Distribution of Welcoming Flyers and Newsletters by the CNA
I was stunned to hear that the CNA is now distributing welcoming letters and starting their own newsletter. The fact that they did not consult or even advise the Board prior too starting this project tells me how little respect they have for the ArrowCreek Board. They are free to publish anything they want and you have no say in it’s content. Even if you continue allow them to publish their own material, at minimum, the material should contain a disclaimer saying that “the information provided here has not been approved by the ACHOA.” If this is allowed to continue different neighborhoods will be publishing their own newsletters and, once again, the authority of the Board will diminish.
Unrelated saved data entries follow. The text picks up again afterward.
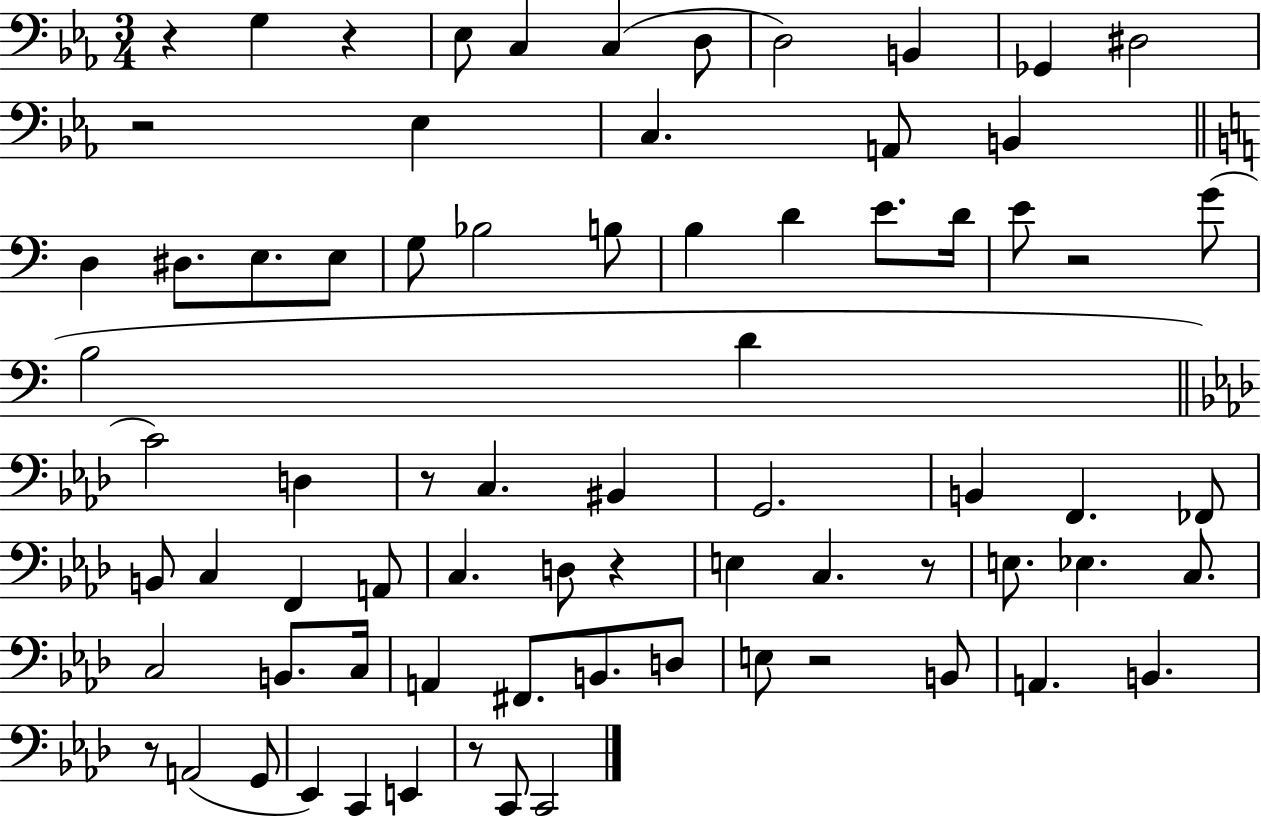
{
  \clef bass
  \numericTimeSignature
  \time 3/4
  \key ees \major
  \repeat volta 2 { r4 g4 r4 | ees8 c4 c4( d8 | d2) b,4 | ges,4 dis2 | \break r2 ees4 | c4. a,8 b,4 | \bar "||" \break \key a \minor d4 dis8. e8. e8 | g8 bes2 b8 | b4 d'4 e'8. d'16 | e'8 r2 g'8( | \break b2 d'4 | \bar "||" \break \key f \minor c'2) d4 | r8 c4. bis,4 | g,2. | b,4 f,4. fes,8 | \break b,8 c4 f,4 a,8 | c4. d8 r4 | e4 c4. r8 | e8. ees4. c8. | \break c2 b,8. c16 | a,4 fis,8. b,8. d8 | e8 r2 b,8 | a,4. b,4. | \break r8 a,2( g,8 | ees,4) c,4 e,4 | r8 c,8 c,2 | } \bar "|."
}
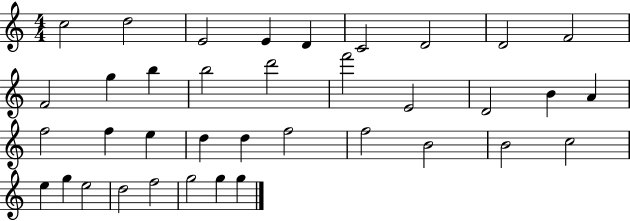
{
  \clef treble
  \numericTimeSignature
  \time 4/4
  \key c \major
  c''2 d''2 | e'2 e'4 d'4 | c'2 d'2 | d'2 f'2 | \break f'2 g''4 b''4 | b''2 d'''2 | f'''2 e'2 | d'2 b'4 a'4 | \break f''2 f''4 e''4 | d''4 d''4 f''2 | f''2 b'2 | b'2 c''2 | \break e''4 g''4 e''2 | d''2 f''2 | g''2 g''4 g''4 | \bar "|."
}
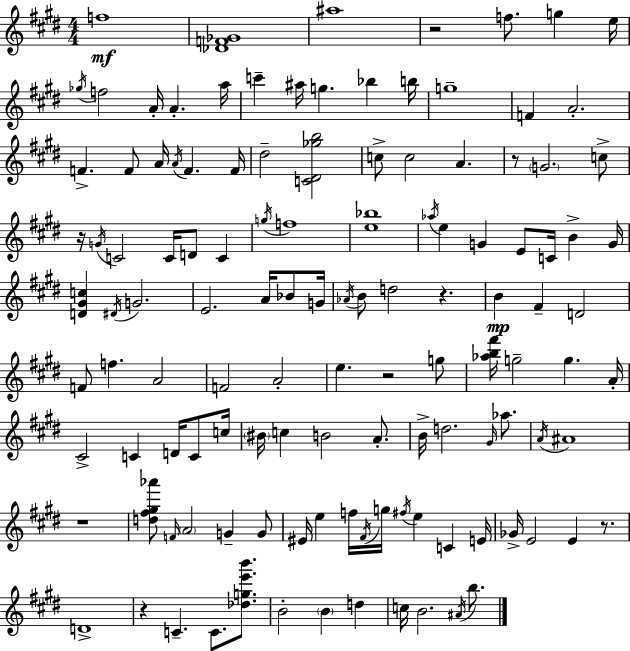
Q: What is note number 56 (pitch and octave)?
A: D4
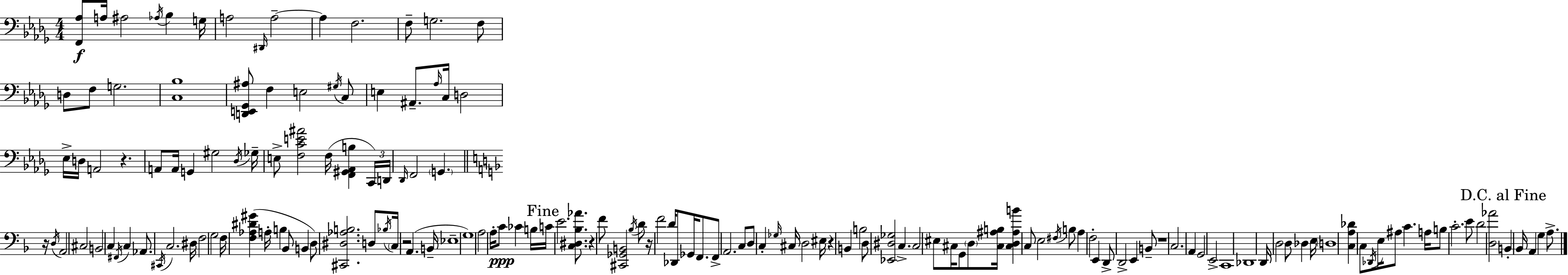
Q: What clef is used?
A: bass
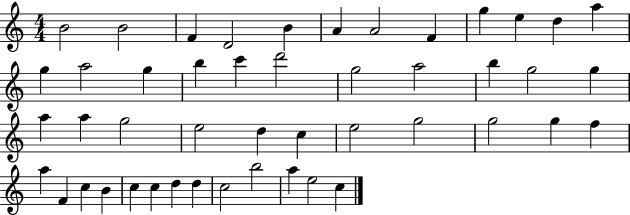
B4/h B4/h F4/q D4/h B4/q A4/q A4/h F4/q G5/q E5/q D5/q A5/q G5/q A5/h G5/q B5/q C6/q D6/h G5/h A5/h B5/q G5/h G5/q A5/q A5/q G5/h E5/h D5/q C5/q E5/h G5/h G5/h G5/q F5/q A5/q F4/q C5/q B4/q C5/q C5/q D5/q D5/q C5/h B5/h A5/q E5/h C5/q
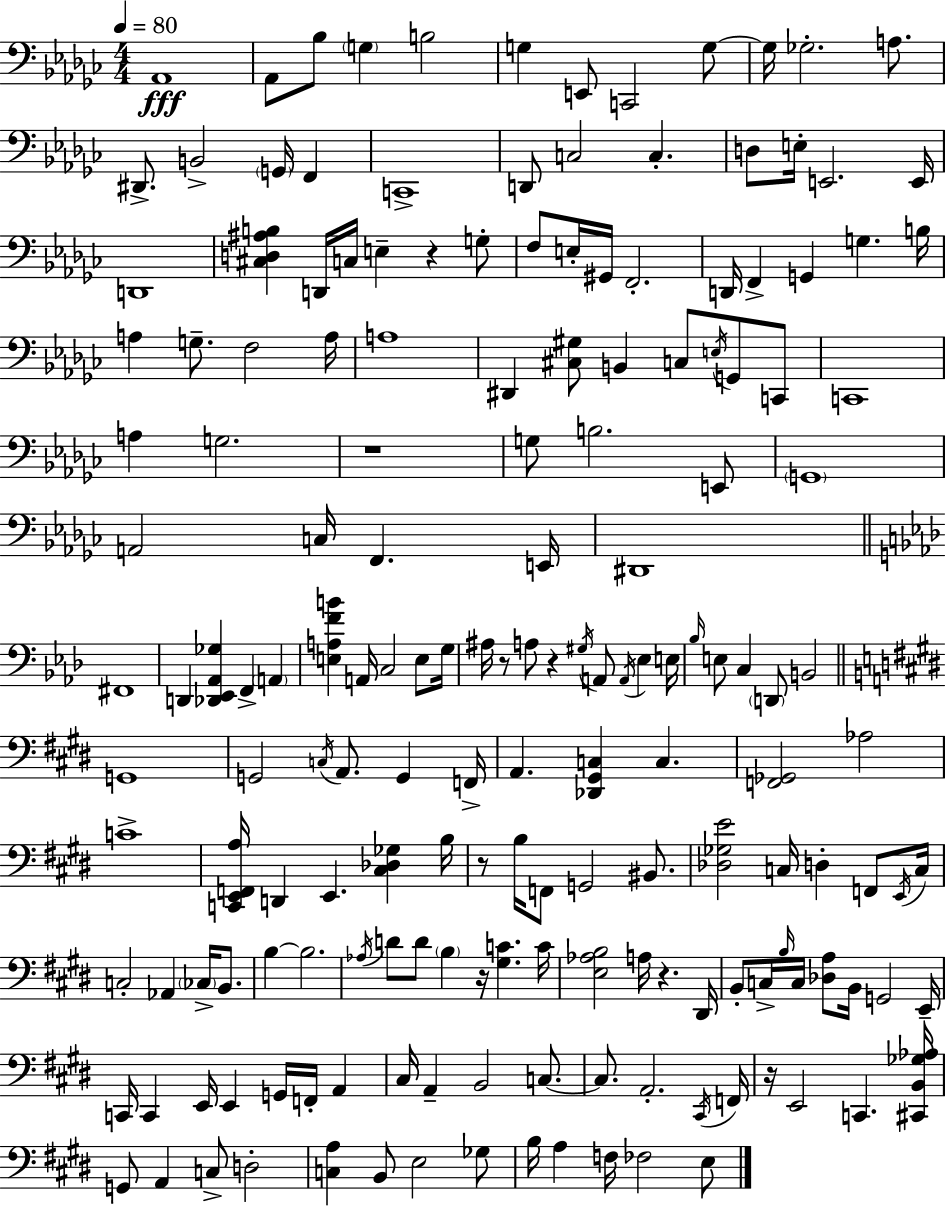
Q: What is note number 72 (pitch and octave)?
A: G#3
As you all know I am in favor of eliminating this committee. Its main function is to obtain competitive bids for outside services. This function can and should be moved to the Budget and Finance Committee. This is a committee looking for something to justify their existence. Several members took it upon themselves to start designing a Community Plan. There is no need for a community plan as the ACHOA functions perfectly well at the present time. We have a sound financial plan, and an excellent reserve plan. We also have in place an excellent operations group which handles our maintenance and security. What is needed is a plan for the long term vegetation which will be planted and cared for in our common areas. Community plans have the long term effect of limiting the power of future Boards decisions. Future Boards will be limited by what the “plan” dictates.
I realize that my views on the above subjects are diametrically opposed to the opinions of some members of the Board. I feel very strongly about the issues I just discussed. I will not compromise my position on any of these subjects. Therefore, effective immediately, I am resigning from the ArrowCreek Board. I am also resigning from the Reserve Committee. I wish you all the best in the coming year.